> **WORK REQUIRED**
Exact copies of all entries are needed. Pictures are to be left out.
─── RECORD EXTRACTS
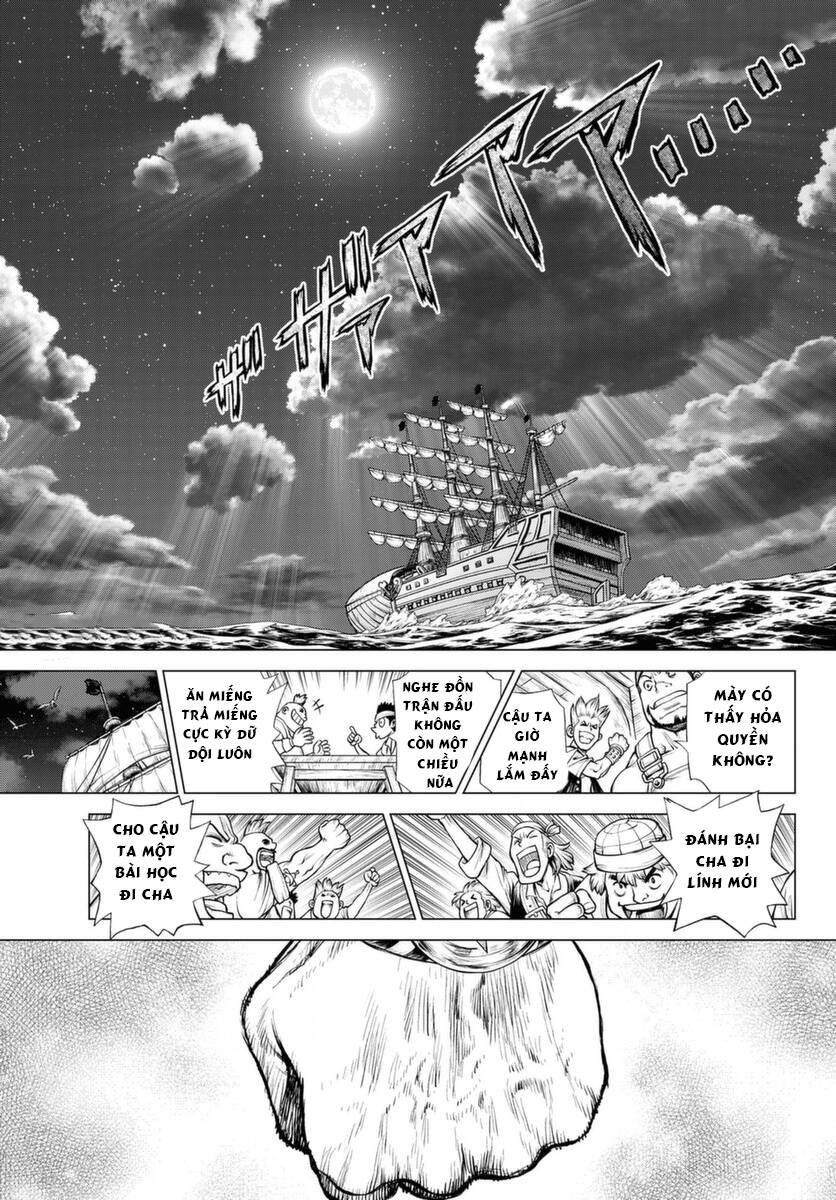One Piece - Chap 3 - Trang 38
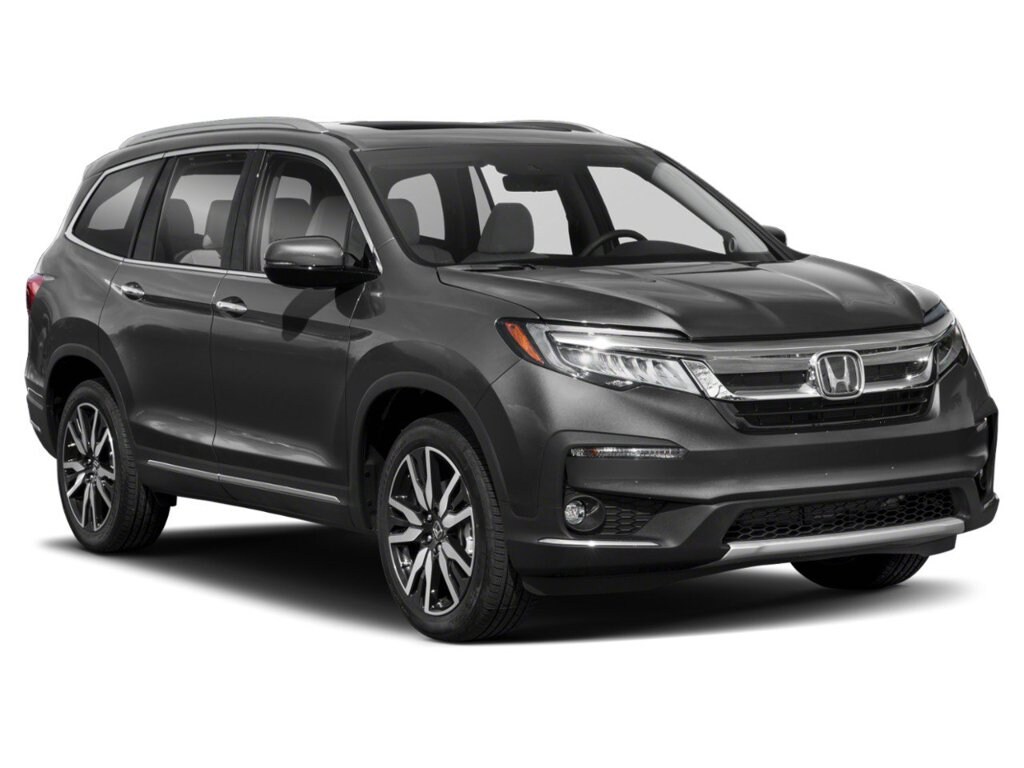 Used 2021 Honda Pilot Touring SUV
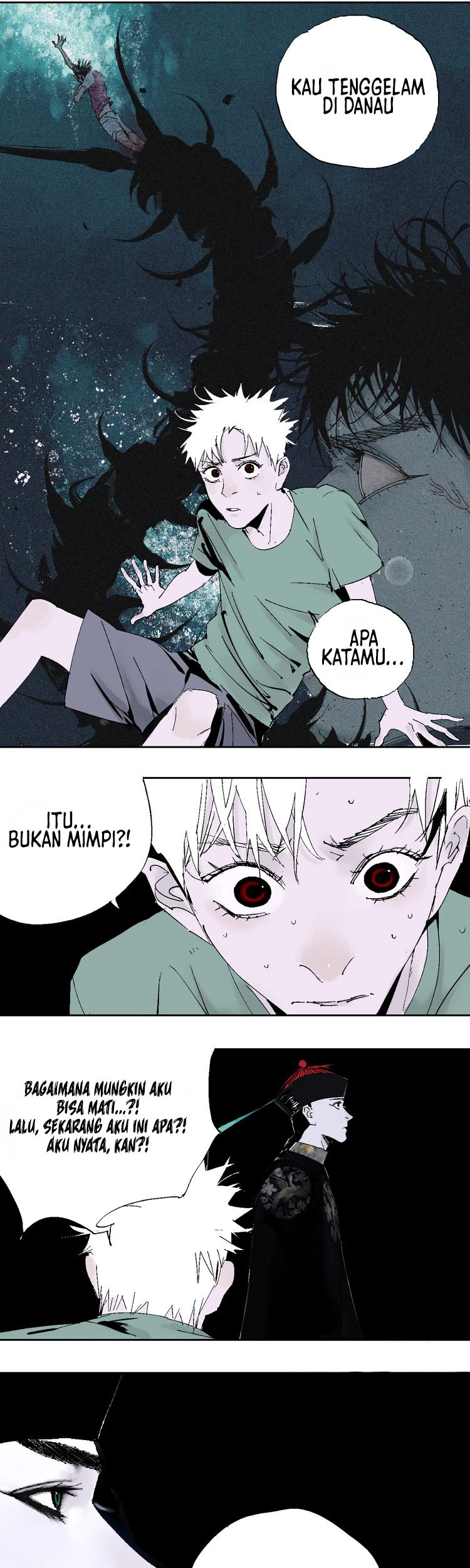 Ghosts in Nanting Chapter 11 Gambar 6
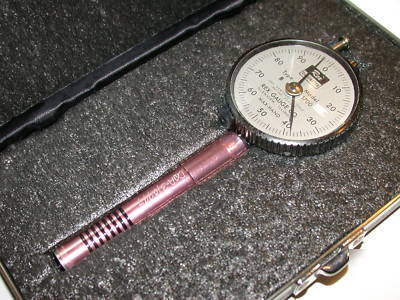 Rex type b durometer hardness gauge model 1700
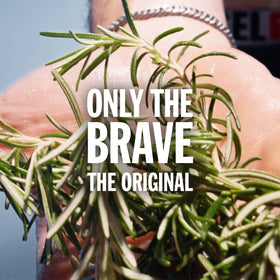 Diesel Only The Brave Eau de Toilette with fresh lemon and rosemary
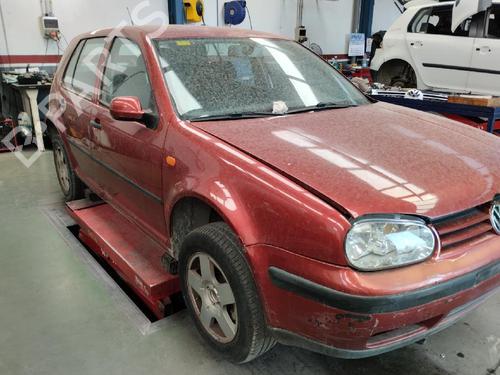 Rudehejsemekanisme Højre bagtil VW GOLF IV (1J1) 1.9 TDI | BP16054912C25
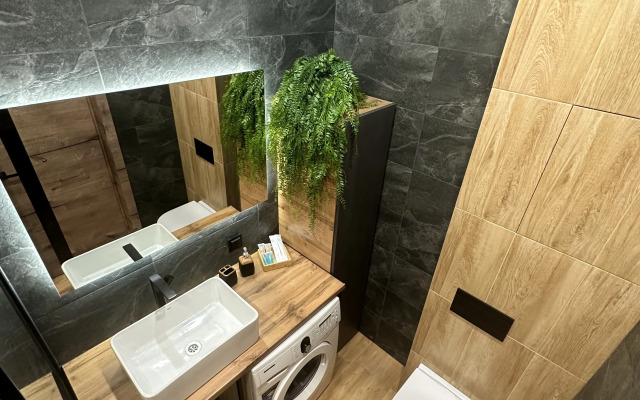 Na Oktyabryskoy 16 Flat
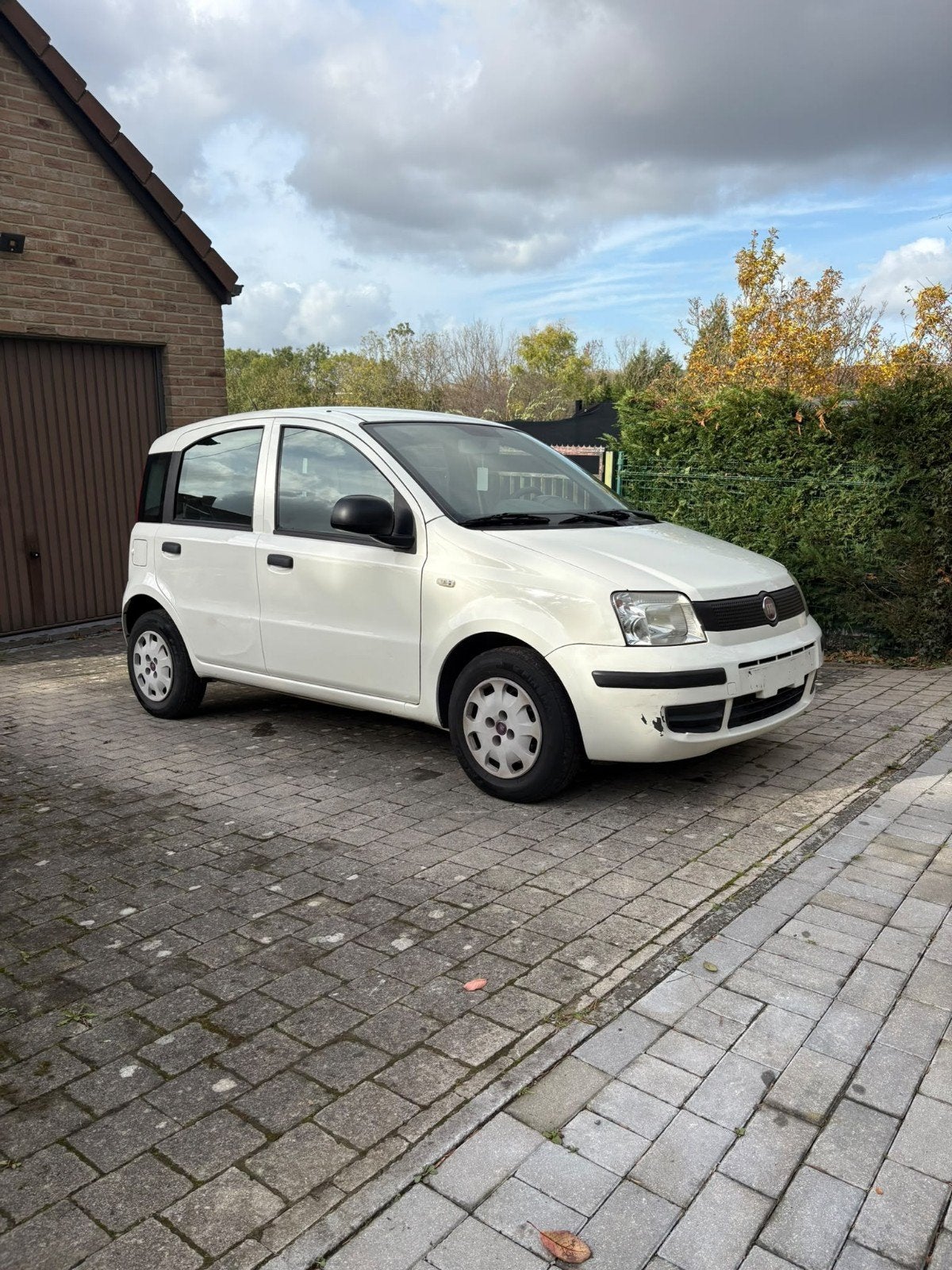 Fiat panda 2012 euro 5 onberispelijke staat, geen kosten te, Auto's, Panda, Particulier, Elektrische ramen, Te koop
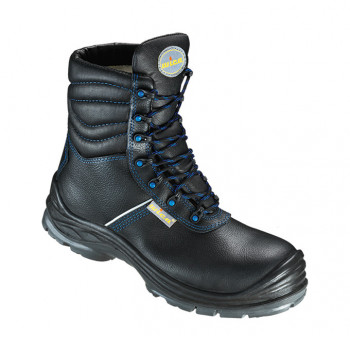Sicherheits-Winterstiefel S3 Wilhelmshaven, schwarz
──────
> **EXPECTED ANSWER**
One Piece - Chap 3 - Trang 38
 Used 2021 Honda Pilot Touring SUV
 Ghosts in Nanting Chapter 11 Gambar 6
 Rex type b durometer hardness gauge model 1700
 Diesel Only The Brave Eau de Toilette with fresh lemon and rosemary
 Rudehejsemekanisme Højre bagtil VW GOLF IV (1J1) 1.9 TDI | BP16054912C25
 Na Oktyabryskoy 16 Flat
 Fiat panda 2012 euro 5 onberispelijke staat, geen kosten te, Auto's, Panda, Particulier, Elektrische ramen, Te koop
Sicherheits-Winterstiefel S3 Wilhelmshaven, schwarz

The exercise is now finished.